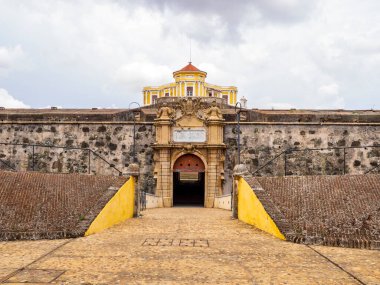 Portekiz, Elbas 'taki ortaçağ kalesinde taş duvarlar.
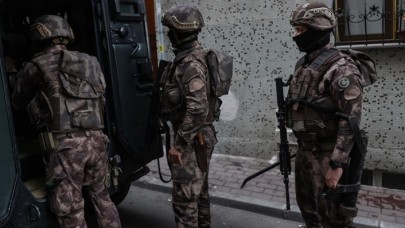 İstanbul'da şafak operasyonu: 30 adrese baskın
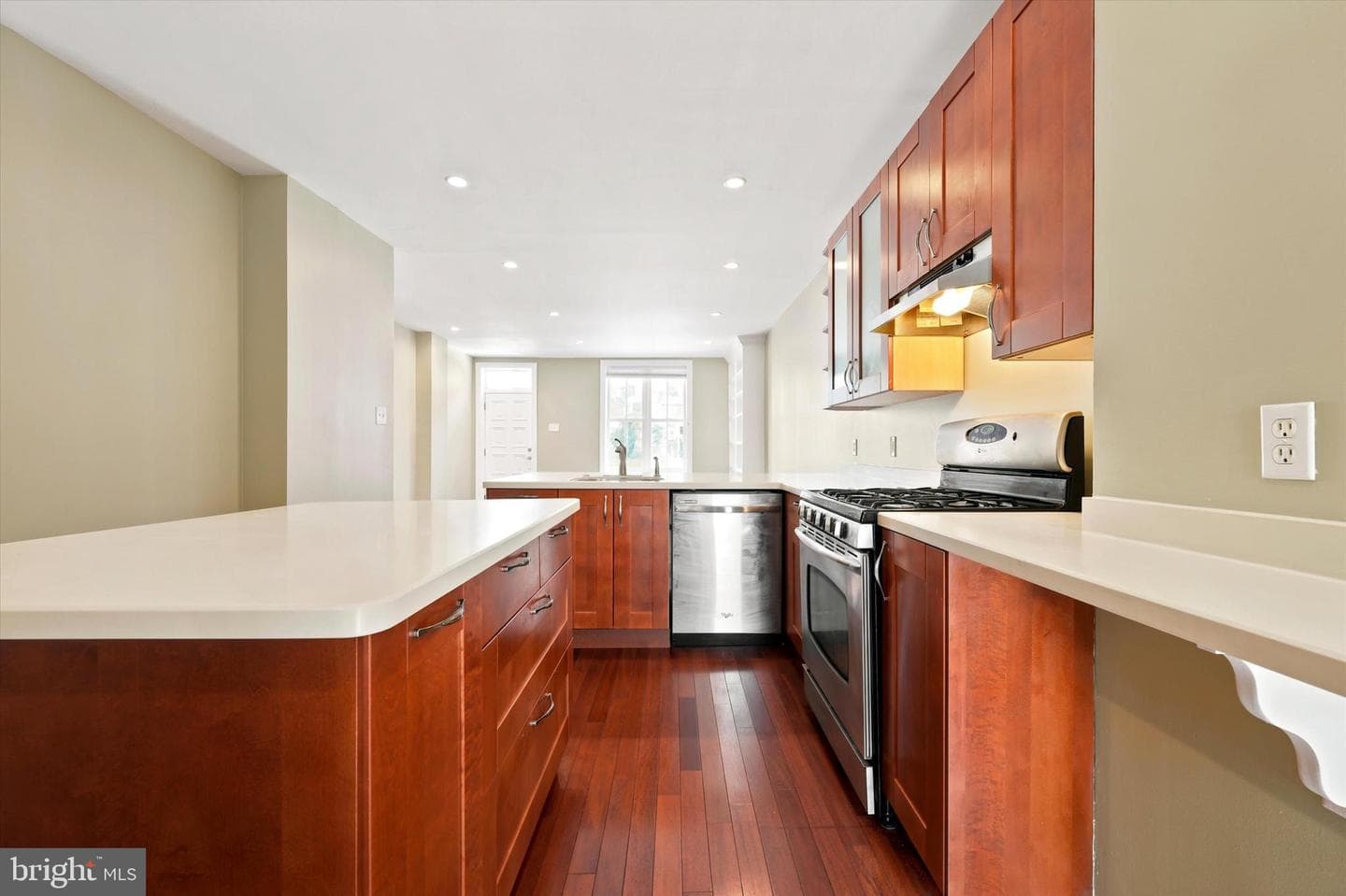 2320 Lombard Street photo 11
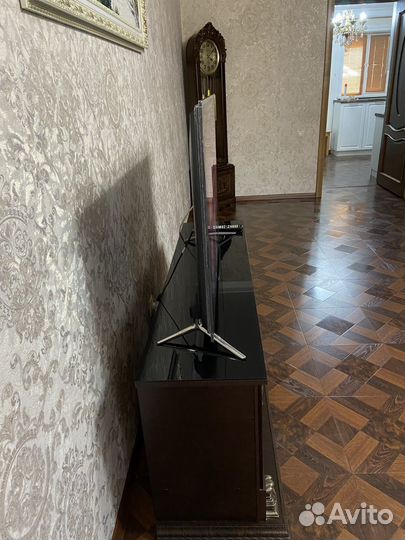 Подставка под телевизор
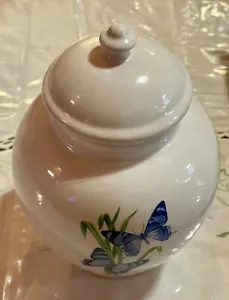 1970’s Ceramic Blue Butterfly Jar Vase - FTD Made In Thailand - 6"H - Picture 1 of 3
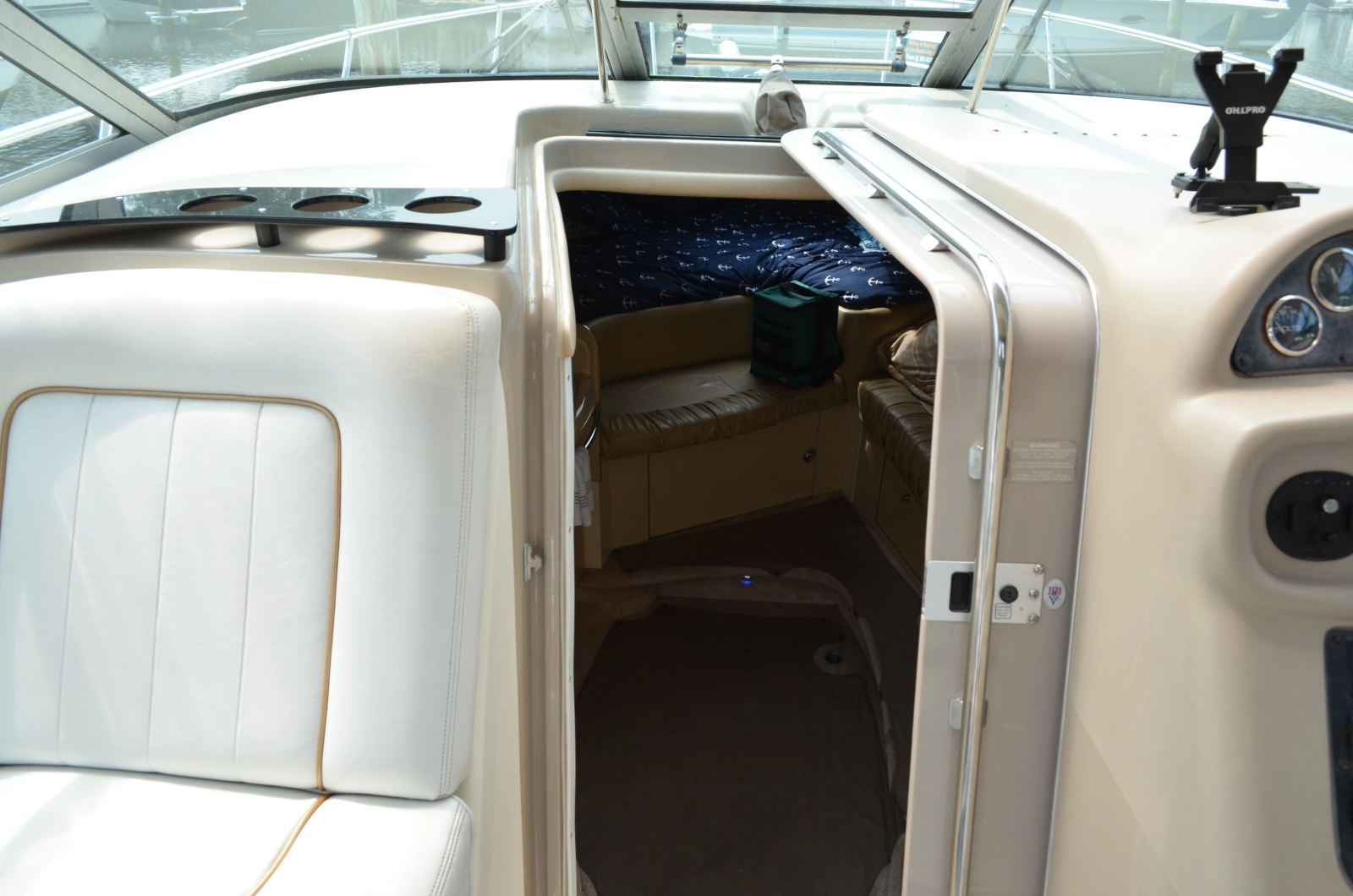 Enalios 29ft Sea Ray Yacht For Sale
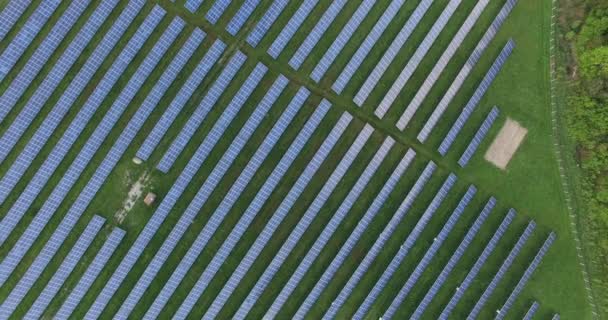 Powietrzne kolektory słoneczne w polu w słoneczny dzień, widok z góry — Wideo stockowe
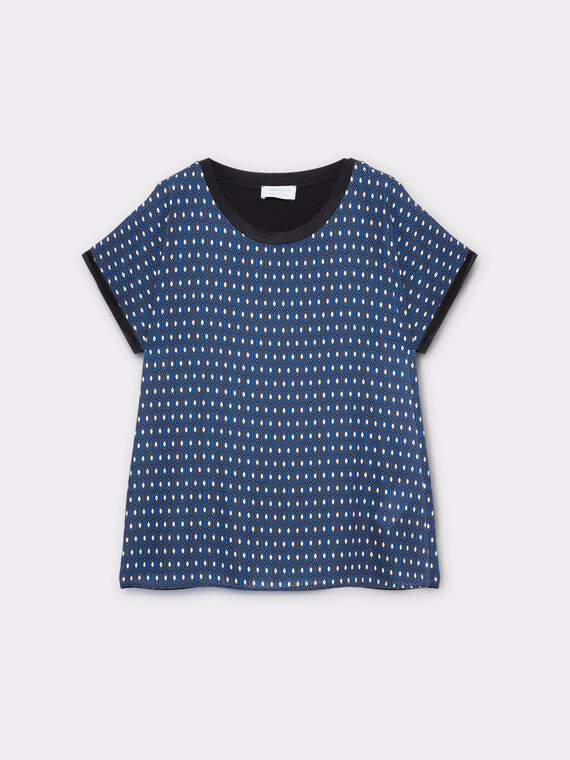 T-shirt with geometrical print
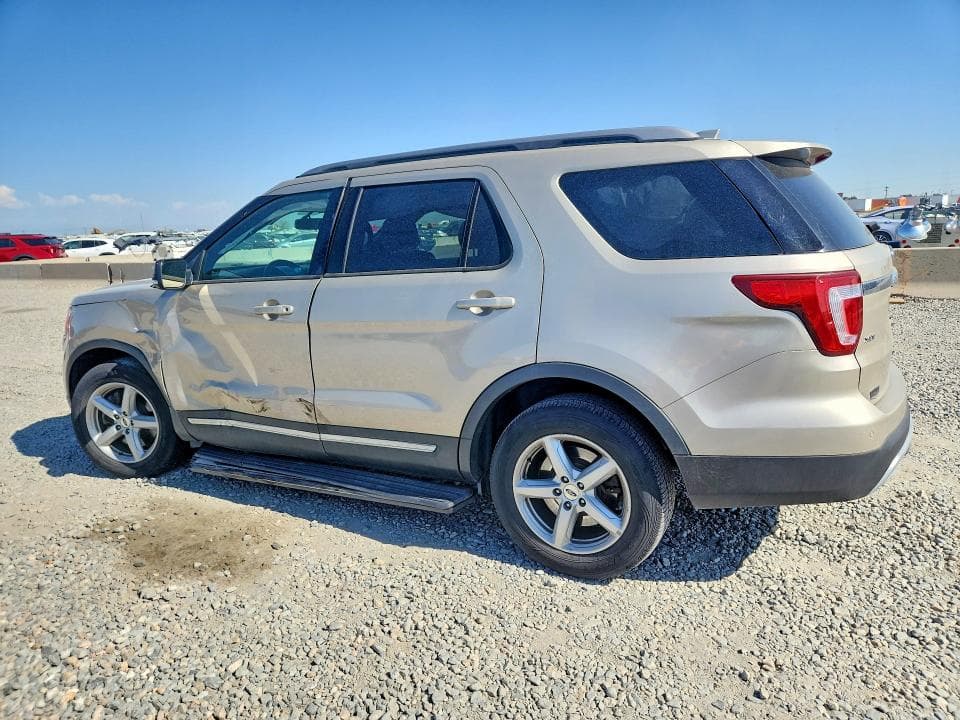 2017 FORD EXPLORER XLT 2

— GOAL OF THE EXERCISE —
From the line that contains "Подставка под телевизор" to the last line of the data, print each line exactly, both ends included, and omit the pictures.

— WRITTEN ANSWER —
 Подставка под телевизор
 1970’s Ceramic Blue Butterfly Jar Vase - FTD Made In Thailand - 6"H - Picture 1 of 3
 Enalios 29ft Sea Ray Yacht For Sale
 Powietrzne kolektory słoneczne w polu w słoneczny dzień, widok z góry — Wideo stockowe
 T-shirt with geometrical print
 2017 FORD EXPLORER XLT 2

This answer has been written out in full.